When the App Store launched, there was one iPhone with one screen size and one pixel density. Designing your user interfaces was relatively simple and the technical debt of hard-coding them was cheap. Today, developers and designers face many challenges in creating apps that must work on dozens of different devices. Long gone are the days of 480x320. We can no longer depend on physical screen sizes and must always be prepared for the next generation of devices.
Devices have traits
In iOS 8, Apple introduced a new level of abstraction in the UIKit framework — UITraitCollection, an addition to iOS that has as far-reaching implications for developers as it does for designers, if not more.
UITraitCollection object describes the properties, or traits, of a user interface (UI) element. These traits define a display scale (a Retina or non-Retina display), the user interface idiom (an iPhone or iPad), and most importantly a vertical and a horizontal size class. When combined with Auto-Layout, these new APIs empower developers and designers to redefine the ways in which they conceptualize their user interfaces. Trait collections complete our repertoire for designing adaptive UI.
Just as the iPhone 6 Retina HD display further reinforces the mandate for us to think about layouts in terms of abstract points rather than pixels, trait collections guide us into thinking about layouts in an entirely new manner. With trait collections, we can reason about device screen dimensions, orientations, and user interfaces in a generalized way.
A size class identifies a relative amount of display space for a UI element. There are two primary size classes in iOS 8, compact and regular. Every screen or view defines a size class for both its horizontal and vertical dimensions — that is, its width and height. Describing each dimension with a size class results in a total of four options: compact width, regular width, compact height, regular height. The size classes for all iOS devices are defined in the following diagram.
There’s a lot of information in this diagram. Let’s break down the most important details:
We no longer have dozens of physical devices. We have four abstract devices: Regular-Compact, Regular-Regular, Compact-Compact, Compact-Regular.
All iPhones (top left) in the portrait orientation have a regular height and a compact width. This means that your UI should behave and appear nearly the same on an iPhone 4S as it does on an iPhone 6 Plus.
All iPads (top right) in any orientation have a regular size class for both dimensions.
In the landscape orientation, iPhone 4/S, iPhone 5/S, and iPhone 6 (bottom left) have a compact size class for both dimensions. This is incredibly important as it highlights that physical device dimensions and size classes do not correspond one-to-one. For example, consider the iPhone 5. When in the portrait orientation it has a regular height and a compact width. Knowing this, your intuition may lead you to believe that when the device rotates, the size classes also “rotate” to yield a compact height and a regular width. However, this is not the case. When in the landscape orientation, the iPhone 5 has a compact width.

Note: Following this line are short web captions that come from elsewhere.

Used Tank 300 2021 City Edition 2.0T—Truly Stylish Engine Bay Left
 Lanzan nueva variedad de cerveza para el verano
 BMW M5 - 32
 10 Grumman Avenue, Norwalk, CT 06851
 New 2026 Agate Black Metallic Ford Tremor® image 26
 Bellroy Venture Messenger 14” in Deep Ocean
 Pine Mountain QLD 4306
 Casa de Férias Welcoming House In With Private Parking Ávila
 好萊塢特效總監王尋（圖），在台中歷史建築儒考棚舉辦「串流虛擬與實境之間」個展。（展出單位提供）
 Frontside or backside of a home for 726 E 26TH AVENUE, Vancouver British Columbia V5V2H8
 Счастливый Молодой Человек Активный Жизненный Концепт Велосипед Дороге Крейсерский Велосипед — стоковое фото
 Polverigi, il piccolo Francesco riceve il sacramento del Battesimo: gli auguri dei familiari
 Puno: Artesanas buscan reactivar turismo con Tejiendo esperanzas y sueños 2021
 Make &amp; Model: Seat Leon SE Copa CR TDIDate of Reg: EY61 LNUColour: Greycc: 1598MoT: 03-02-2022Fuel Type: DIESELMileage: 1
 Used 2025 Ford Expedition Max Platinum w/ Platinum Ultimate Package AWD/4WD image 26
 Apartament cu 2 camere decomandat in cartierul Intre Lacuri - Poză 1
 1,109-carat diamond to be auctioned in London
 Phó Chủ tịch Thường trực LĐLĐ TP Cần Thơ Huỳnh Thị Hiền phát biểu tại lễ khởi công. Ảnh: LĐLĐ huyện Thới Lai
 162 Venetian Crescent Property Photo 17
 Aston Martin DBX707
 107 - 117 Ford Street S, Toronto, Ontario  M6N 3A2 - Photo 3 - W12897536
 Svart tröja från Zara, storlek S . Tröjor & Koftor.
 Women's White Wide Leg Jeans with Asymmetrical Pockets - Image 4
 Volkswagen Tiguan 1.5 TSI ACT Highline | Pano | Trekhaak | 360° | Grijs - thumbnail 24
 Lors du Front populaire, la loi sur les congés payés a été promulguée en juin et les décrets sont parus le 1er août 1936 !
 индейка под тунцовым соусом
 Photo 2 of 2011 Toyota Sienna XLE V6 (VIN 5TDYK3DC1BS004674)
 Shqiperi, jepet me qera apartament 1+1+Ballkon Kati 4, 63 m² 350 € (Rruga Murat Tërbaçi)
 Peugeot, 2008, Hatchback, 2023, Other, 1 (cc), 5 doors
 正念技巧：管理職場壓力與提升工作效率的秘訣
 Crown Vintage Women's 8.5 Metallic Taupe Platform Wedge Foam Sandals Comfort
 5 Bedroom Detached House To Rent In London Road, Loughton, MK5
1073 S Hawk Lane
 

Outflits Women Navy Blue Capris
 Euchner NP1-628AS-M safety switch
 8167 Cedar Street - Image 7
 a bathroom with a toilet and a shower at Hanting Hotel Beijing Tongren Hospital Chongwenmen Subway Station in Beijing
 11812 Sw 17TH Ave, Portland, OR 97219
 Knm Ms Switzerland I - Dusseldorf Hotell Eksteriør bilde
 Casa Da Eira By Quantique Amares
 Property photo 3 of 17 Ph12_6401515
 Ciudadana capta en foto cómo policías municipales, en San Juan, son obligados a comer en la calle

The iPhone 6 Plus in the landscape orientation is unique (bottom right). It is currently the only device that adopts a compact height and a regular width. In iOS 8, we find that this means when the iPhone 6 Plus is in the landscape orientation, its UI behaves similarly to the iPad. For example, Mail displays as a split view with the list of emails on the left and the currently selected email content on the right.
It is also possible for views, subviews, and view controllers to have size classes that differ from the “device” size classes above. There could even be multiple views or view controllers displaying on screen simultaneously, each with unique size classes. For example, a popover on iPad could be Regular-Compact, which means it would display full-screen on an iPhone. However, this is a minor detail. The code that you write should only be concerned with doing the right thing for the appropriate size classes.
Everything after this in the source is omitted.